The newspaper business is abuzz about an essay by Poynter Institute Senior Scholar Roy Peter Clark, who proposes that a key step to saving the newspaper industry is to get journalists to actually read newspapers themselves. But wait, that's not all: Clark is very specific: "It is your duty as a journalist and a citizen to read the newspaper —emphasis on paper, not pixels."
But it gets even worse. This preposterous suggestion has ignited a firestorm of comments on the usually placid Poynter site (more than 60, at last count, which is a lot for Poynter), and what's really scary is how many of the respondents actually agree with Clark. They even boast about their own print newspaper reading habits, including that old chestnut about how holding a newspaper is such a great experience that you can't replicate online, and thus somehow sacred.
Good lord. To borrow a great coinage from Howard Owens, the "newsroom turtles" are out in force here, clinging to the idea that newsprint is somehow the perfect way to present news, and stubbornly believing that the print product will survive if we just wish it to be so.

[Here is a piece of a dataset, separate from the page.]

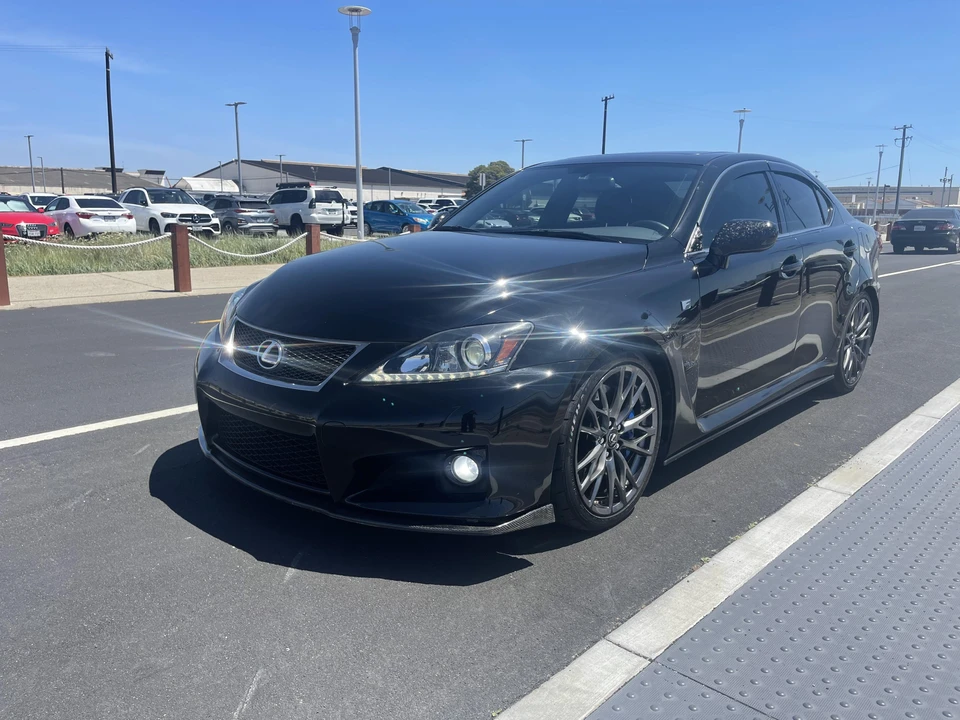 2009 Lexus IS F 2nd Gen - Image 16 of 31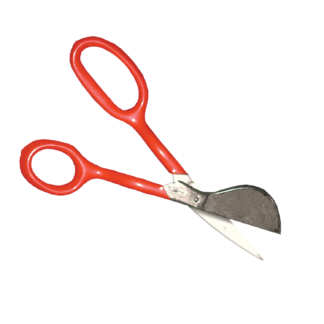 Duckbill Napping Shears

Reality is different, and Luddites like Clark are falling into the same classic trap--widely taught in business schools--that the railroads fell into a century ago: Faced with competiton from upstart airlines and automobiles, railroads clung to their romantic view of themselves as train operators, without understanding that they were actually in the transportation business, and that the mode of transportation was secondary. You know the rest of that story.
Those like Clark who confusedly and romantically think that newspapers are in the "paper" business, and not in the "news" business, are on the road to the same fate. Internet, RSS, video, iPhone, Flash, smoke signals, carrier pigeons—hell, it doesn't matter how you get the story out. Just make sure you know you're in the journalism business, not in the printing business, and accept that the printed newspaper may soon be a thing of the past.
What's interesting about many of these responses is how many of these smart, middle-aged people reveal that they generally don't read print newspapers anymore themselves. I'm another—online is simply a better medium for most news and journalism, and it doesn't kill a few forests of trees every day to do it. Electronic news is becoming increasingly portable, and will be more so in the years to come, further eroding the one of the newspaper's last advantages.
Stop clinging to the printed newspaper and start thinking about how to work with new technologies to publish and distribute the news and journalism that is so important. Don't be a turtle!